The reference to Bulgakov is an interesting one because Kononov has much more creative freedom than did his predecessors who laboured (or didn’t, depending how in or out of favour with the regime they were) in a tightly regulated environment, yet for all its explicitness this does not feel as transgressive as The Master and Margarita.  When the stakes aren’t as high the achievement is less, though perhaps it is no accident that Kononov now lives in Germany.  He makes the point that for all its emphasis on comradeship and collective support, the regime was characterised by a paranoid disdain for what it saw as petit-bourgeois individualism that expressed itself as contempt for personal rights and a profligacy in sacrificing lives for the Motherland, notwithstanding which totalitarianism can still engender fervent adulation in those who know no better.  It’s hardly a novel insight, even the implication that such blind loyalty is fit only for children.

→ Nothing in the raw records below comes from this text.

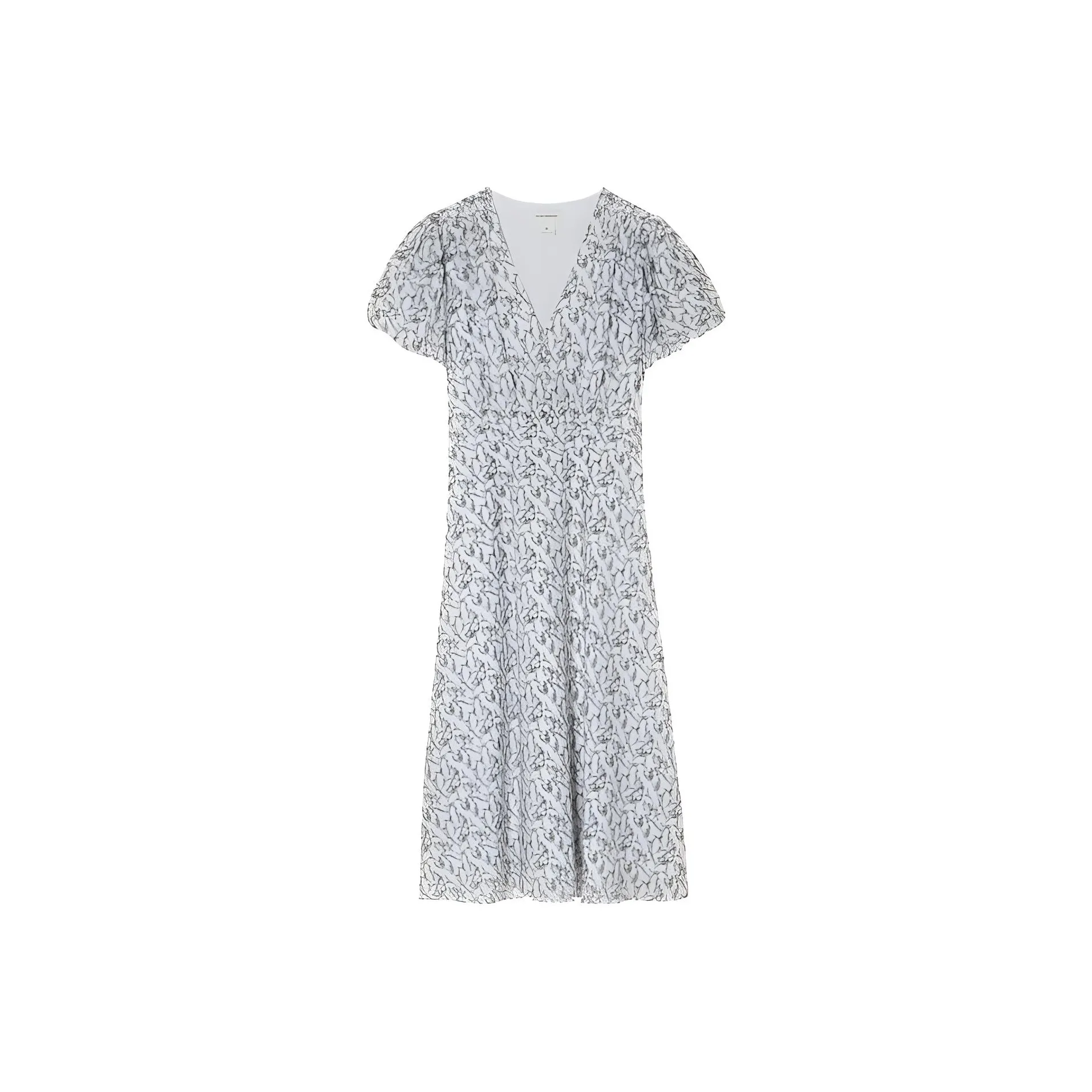 CLUB MONACO Short-Sleeved Dresses Women's Black White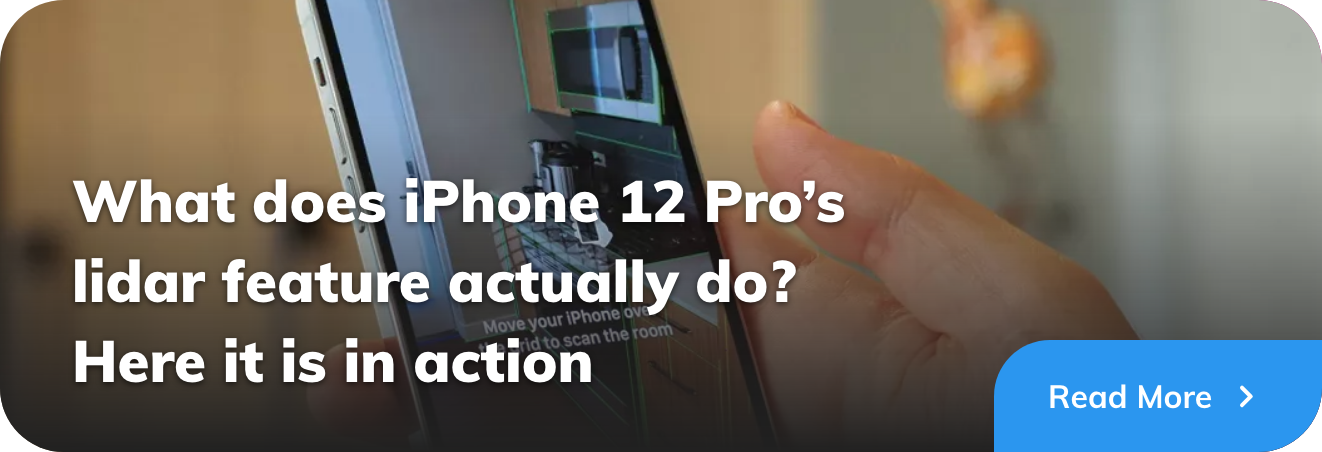 What does iPhone 12 Pro's lidar feature actually do? Here it is in action
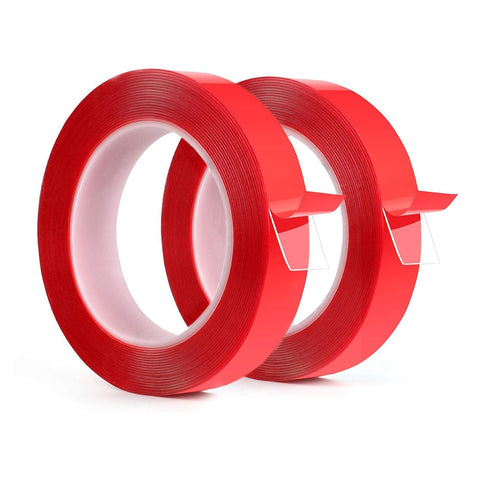 EBANKU 2 Packs Double Sided Mounting Tape, Reusable Heavy Duty Strong Sticky for Home, Wall, Office Decor (32.8FT/10M)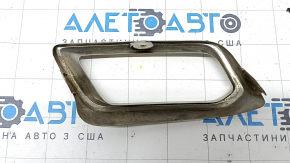 Left exhaust tip for Honda CRV 23-25 HEV, chrome, scratches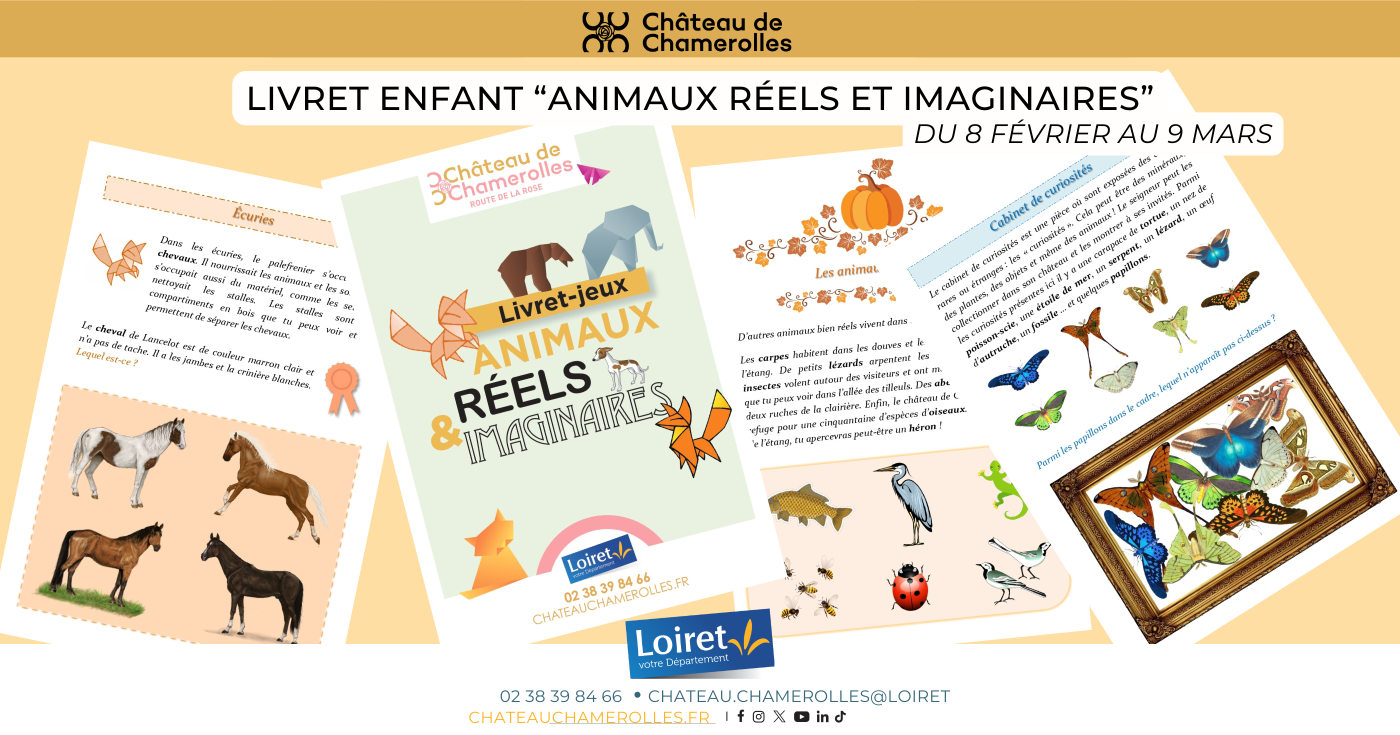 Livret enfant "animaux réels et imaginaires"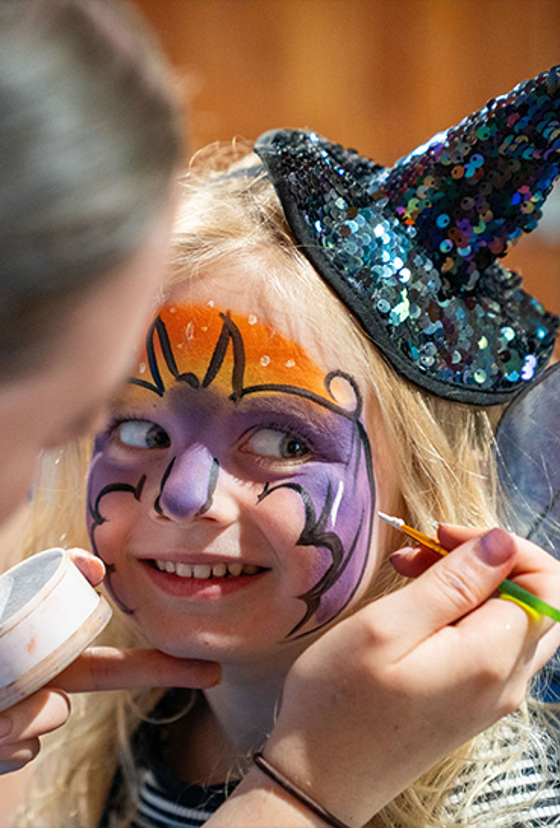 Facepainting For Halloween Resized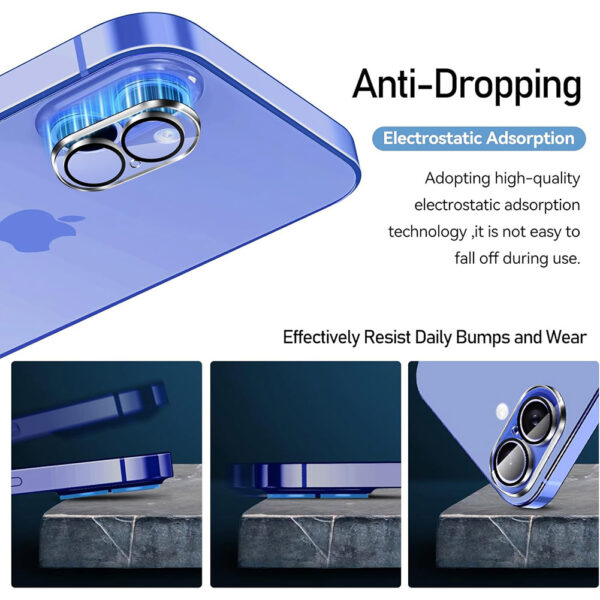 For iPhone 16 Plus Camera Lens Tempered Glass Screen Protector - Image 8
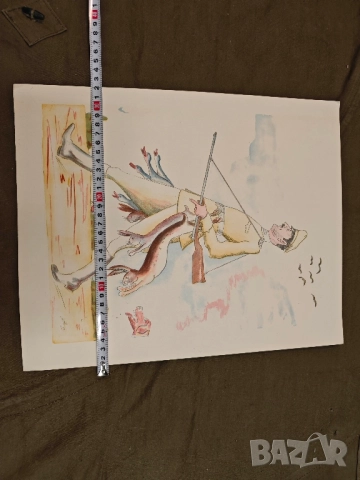 отпечатък авджия , горски , ловец .., снимка 3 - Други ценни предмети - 52136752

The final few pages dealing with Midge shift gears and become lyrical in a surprising and shocking conclusion which is both in keeping with the previous fantastic tone yet with compassion towards her for all she has suffered.  A short coda suggests that the story has its origin in real events, however far it has wandered from the bald facts.  Unfortunately, despite empathy with Midge, one reaches the end with relief, and tempted to echo her favourite expression, used on any occasion – ‘Bloody hell’s bells!”  Kononov is daring, satirising the ‘sacred’ mythology that surrounds the siege of Leningrad (where he was born in 1948), and The Naked Pioneer Girl’s iconoclasm may be more engaging for a Russian audience, but while keeping this going for 250 pages is no mean feat, it comes over as rather crass.  It’s all a long way from Lidiya Ginzburg’s Blockade Diary.